This chapter provides a synopsis of Marx and Engels’s views on both themes from their earliest to final pronouncements.2 I also include a summary of what they thought about the prospects for revolution in Russia. Knowing what Marx and Engels had to say about parliamentary democracy and the electoral arena allows for a determination whether or not Lenin was justified in his accusations. A review of what they thought about the Russian movement also answers the oft-debated question concerning whether Lenin constituted continuity with the two founders of the modern communist movement—at least for these issues.
“THE EUROPEAN SPRING
The revolutions of 1848–49 required that Marx and Engels address concretely and substantively for the first time parliamentary democracy and the electoral process. Like the participants in the “Arab Spring,” they, along with other activists, had to grapple with all the questions that come with the overthrow of despotic regimes—how to do it, what to replace them with, and how to ensure that the previously disenfranchised are actually in power.

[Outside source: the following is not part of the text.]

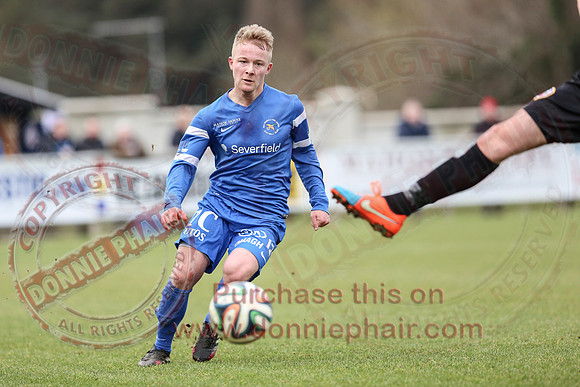 Ballinamallard United (2) V Coleraine (1) in IFA Premier League.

Prior to the midcentury upheavals, Marx and Engels had certainly thought and written about the institution of democratic rule. The daily reality of absolutist Prussia, even in its more liberal domains where the two lived, the Rhineland, almost demanded that they do so. Marx’s first political writings addressed the irritant of state press censorship he faced as a cub reporter. His realization that the most influential mind for his generation, Georg Hegel, offered no real solutions to Germany’s democratic deficit propelled him on the road to communist conclusions. Constitutional monarchy, Hegel’s proposal, was far from “true democracy—the sovereignty of the people.”3 Rather than the world of philosophy, the study, he decided, of “actuality” or “the real movement of history” provided better results. And in the world as it existed when he set out to make his inquiries, history and “actuality” offered only two examples of political overturns that resulted in political democracy: France and the United States of America. The American case, I argue, generated the most valuable lessons for Marx.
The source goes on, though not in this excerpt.